345
votes

I'm sending the following JSON string to my server.

(
        {
        id = 1;
        name = foo;
    },
        {
        id = 2;
        name = bar;
    }
)

On the server I have this.

app.post('/', function(request, response) {

    console.log("Got response: " + response.statusCode);

    response.on('data', function(chunk) {
        queryResponse+=chunk;
        console.log('data');
    });

    response.on('end', function(){
        console.log('end');
    });
});

When I send the string, it shows that I got a 200 response, but those other two methods never run. Why is that?

7

7 Answers

579
votes

I think you're conflating the use of the response object with that of the request.

The response object is for sending the HTTP response back to the calling client, whereas you are wanting to access the body of the request. See this answer which provides some guidance.

If you are using valid JSON and are POSTing it with Content-Type: application/json, then you can use the bodyParser middleware to parse the request body and place the result in request.body of your route.

For earlier versions of Express (< 4)

var express = require('express')
  , app = express.createServer();

app.use(express.bodyParser());

app.post('/', function(request, response){
  console.log(request.body);      // your JSON
  response.send(request.body);    // echo the result back
});

app.listen(3000);

Test along the lines of:

$ curl -d '{"MyKey":"My Value"}' -H "Content-Type: application/json" http://127.0.0.1:3000/
{"MyKey":"My Value"}

Updated for Express 4+

Body parser was split out into it's own npm package after v4, requires a separate install npm install body-parser

var express = require('express')
  , bodyParser = require('body-parser');

var app = express();

app.use(bodyParser.json());

app.post('/', function(request, response){
  console.log(request.body);      // your JSON
   response.send(request.body);    // echo the result back
});

app.listen(3000);

Update for Express 4.16+

Starting with release 4.16.0, a new express.json() middleware is available.

var express = require('express');

var app = express();

app.use(express.json());

app.post('/', function(request, response){
  console.log(request.body);      // your JSON
   response.send(request.body);    // echo the result back
});

app.listen(3000);
218
votes

For Express v4+

install body-parser from the npm.

$ npm install body-parser

https://www.npmjs.org/package/body-parser#installation

var express    = require('express')
var bodyParser = require('body-parser')

var app = express()

// parse application/json
app.use(bodyParser.json())

app.use(function (req, res, next) {
  console.log(req.body) // populated!
  next()
})
36
votes

For those getting an empty object in req.body

I had forgotten to set headers: {"Content-Type": "application/json"} in the request. Changing it solved the problem.

16
votes

Sometimes you don't need third party libraries to parse JSON from text. Sometimes all you need it the following JS command, try it first:

        const res_data = JSON.parse(body);
15
votes

@Daniel Thompson mentions that he had forgotten to add {"Content-Type": "application/json"} in the request.
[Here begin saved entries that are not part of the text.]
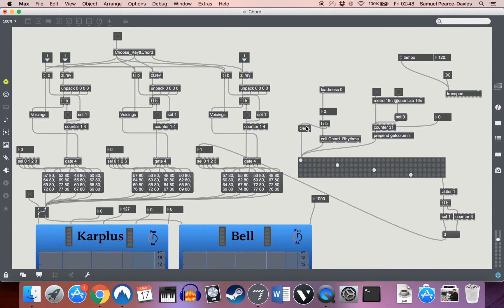And this little bit over here is essentially running a series of semiquavers over a two bar phrase at 120 BPM, so it will actually play those chords out. The vertical position of the dots here indicates which of the four chords is going to be played.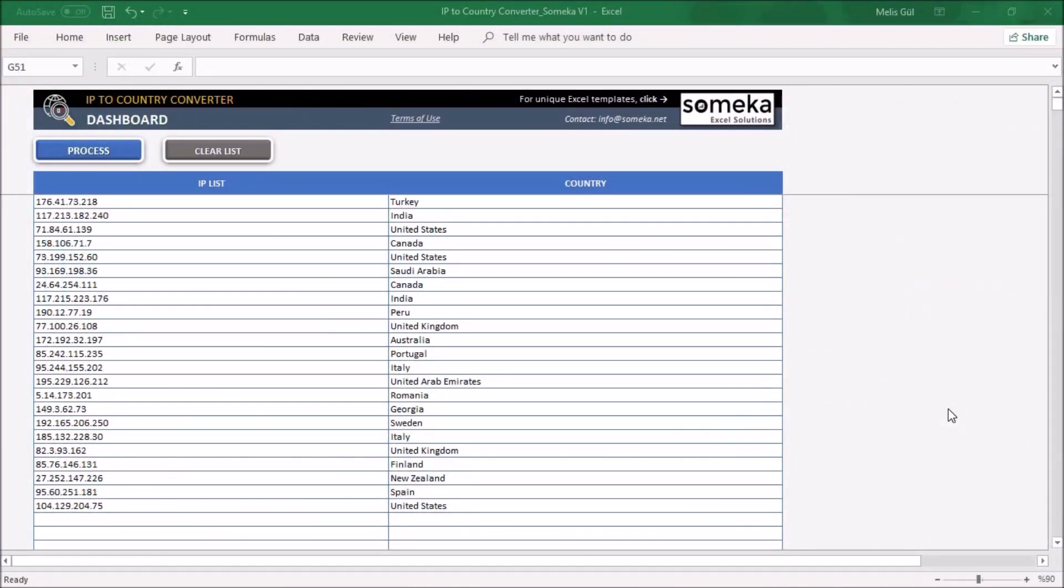Hello, welcome to SOMECHA. Today I'm introducing you our IP to Country Converter Excel template.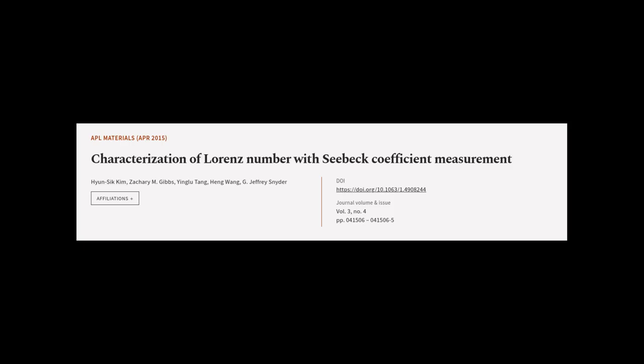This article was authored by Hyun-Sik Kim, Zachary M. Gibbs, Ng-Loo Tang, and others.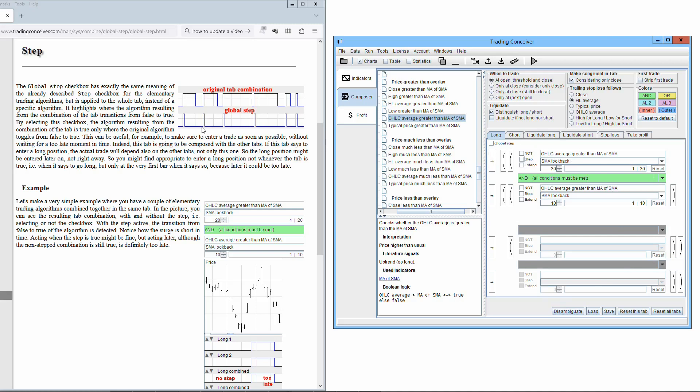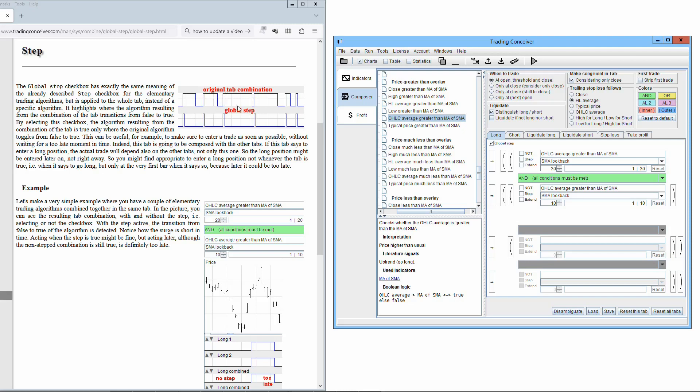It highlights where the algorithm resulting from the combination of the tab transitions from false to true. By selecting this checkbox, the algorithm resulting from the combination of the tab is true only where the original algorithm toggles from false to true.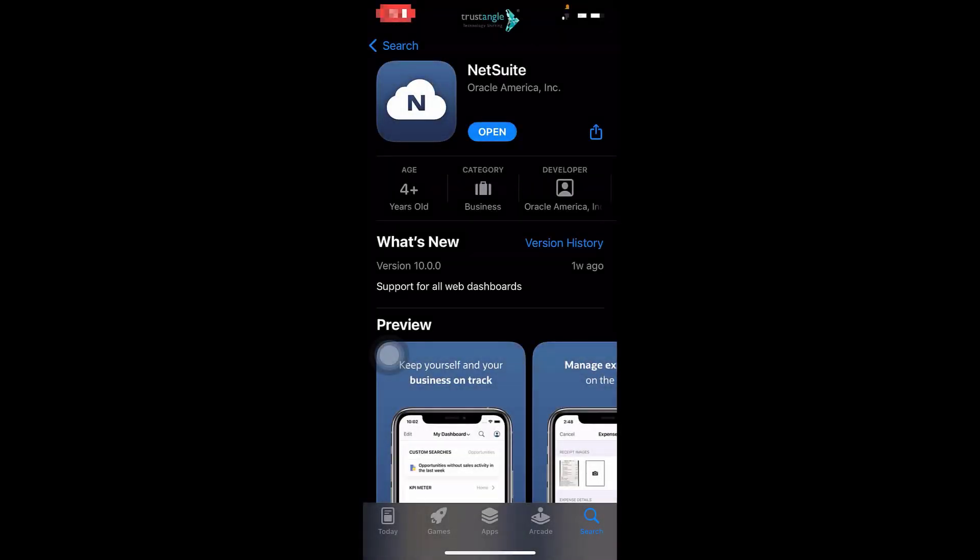Welcome to the NetSuite training video provided by Trustangle Company. My name is Saris Sioufi, and in today's video, we will be demonstrating how an employee can create an expense report using the NetSuite application.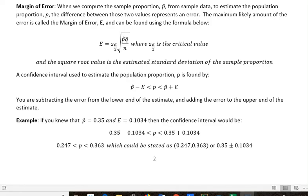Hi, it's Carly McEvoy. I want to do a brief video here on the margin of error. When we compute the sample proportion, which is p-hat, from sample data to estimate the population proportion, which is just p, the difference between those two values represents an error. The maximum likely amount of that error is called the margin of error, which we just use a capital E for, and it can be found by using the formula below.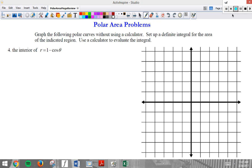Hi, so today I'm going to be talking about some polar area problems. Polar area, I think, is one of the hardest things to learn in Calculus BC. Maybe you just watched the lecture on 9-3 and you're still mystified because there are very few examples. The goal of this video is to do all the area problems I could find. I would recommend that you pause the video whenever I get a new problem and try to do it yourself. Then compare the solution, and if you have any questions, feel free to email me or talk to me in class.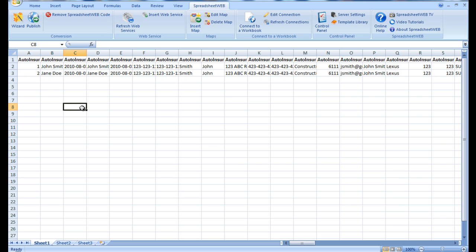This has been a demo outlining the creation of an automobile insurance claim reporting system and database. For more videos displaying the specific functions and features of Spreadsheet Web, please check out our YouTube channel.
He was able to change the request, however, changing requests is not always possible (we are working on the server here).

In my case I needed to force content-type: text/plain to be parsed as json.

If you cannot change the content-type of the request, try using the following code:

app.use(express.json({type: '*/*'}));

Instead of using express.json() globally, I prefer to apply it only where needed, for instance in a POST request:

app.post('/mypost', express.json({type: '*/*'}), (req, res) => {
  // echo json
  res.json(req.body);
});
13
votes

const express = require('express');
let app = express();
app.use(express.json());

This app.use(express.json) will now let you read the incoming post JSON object

0
votes

A beginner's mistake...i was using app.use(express.json()); in a local module instead of the main file (entry point).